By Staff Writer | Feb 23, 2016 04:03 AM EST

Amazon already announced that they will be charging sales tax to Colorado customers, beginning on February 1, 2016. But recently, the US court appeals decided to endorse a Colorado law designed to make it convenient for the state to collect sales taxes on out-of-state purchases over the Internet.

According to The Washington Post, a federal appeals court promoted a Colorado law that aims to make the buying of products online and collecting of taxes for the purchase easier for consumers. The ruling by the U.S. Court of Appeals for the 10th Circuit in Denver overturns a lower court decision to block the state from enforcing its Amazon tax law, which stands for its online retailer Amazon.com.

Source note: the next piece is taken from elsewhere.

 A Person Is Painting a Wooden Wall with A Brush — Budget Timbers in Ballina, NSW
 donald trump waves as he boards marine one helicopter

The court ruling is considered to be a success for states asking to strengthen and increase the revenue by making sure that the online consumers would pay their taxes for their online purchases. But then the Direct Marketing Association, which is a trade group that questioned the 2010 law, considers this to have a negative impact on them.

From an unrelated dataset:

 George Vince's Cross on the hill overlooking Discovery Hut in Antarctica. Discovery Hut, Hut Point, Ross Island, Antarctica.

The Amazon tax law makes sure that retailers which do not collect sales taxes should always be reminded to report transactions to customers and state tax authorities. The law also seeks to encourage online shoppers, some unaware of their responsibilities when shopping online, to pay their taxes.

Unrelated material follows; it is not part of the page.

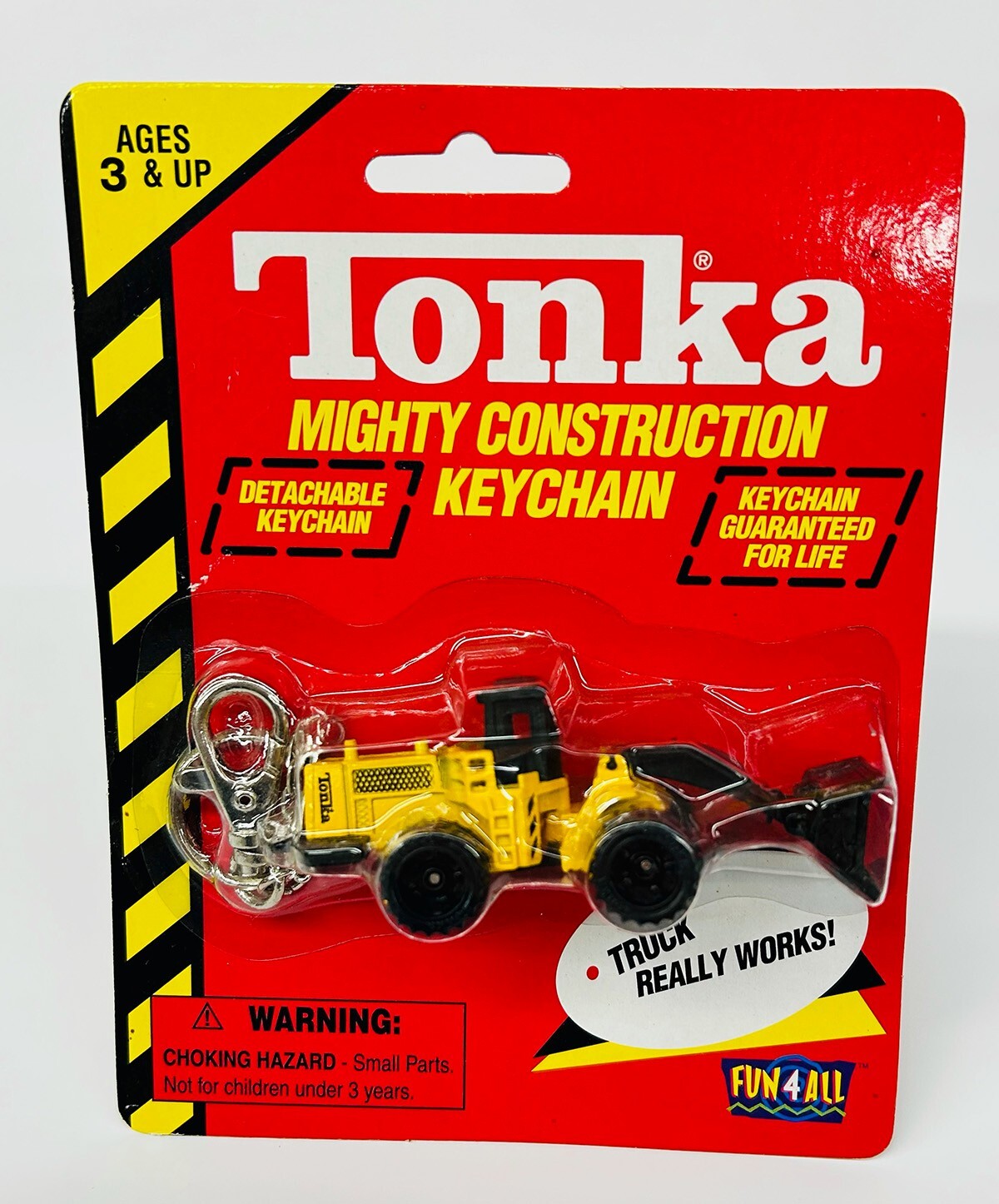 Bundle: 4 NOS Tonka Mighty Const Keychains | Toy Trucker & Contractor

A submitted court papers by Colorado wrote that the failure to shell out the designated amount of tax will pay the fines of over $170 million of tax revenue in 2012. With that, the law experts claimed that the nationwide loss might also increase into $11 billion.

Yahoo! News reported that DMA claimed that the Amazon tax law violated the Commerce Clause of the U.S. Constitution. A federal district judge even agreed in 2012 that the 1992 Supreme Court decision banned the states from collecting taxes from retailers with out-of-state purchases.

However, in the recent ruling, Circuit Judge Scott Matheson stated that the 1992 court ruling applied narrowly to tax collections. The district judge was also wrong to extend its reach to reporting obligations. "Reporting requirements are designed to increase compliance with pre-existing tax obligations," Matheson wrote. He added, "DMA has not shown the Colorado law imposes a discriminatory economic burden on out-of-state vendors."

DMA's vice president of advocacy, Chris Oswald, also claimed that his group is still reassessing the court decision. A spokesperson for Colorado, Attorney General Cynthia Coffman, who found out means to defend the law, on the other hand, made no comment regarding the decision, as reported by Reuters.

Meanwhile, the 10th Circuit decision includes the states of Colorado, Kansas, New Mexico, Oklahoma, Utah, and Wyoming. Amazon is now allowed to make charges on purchases by the residents of Colorado.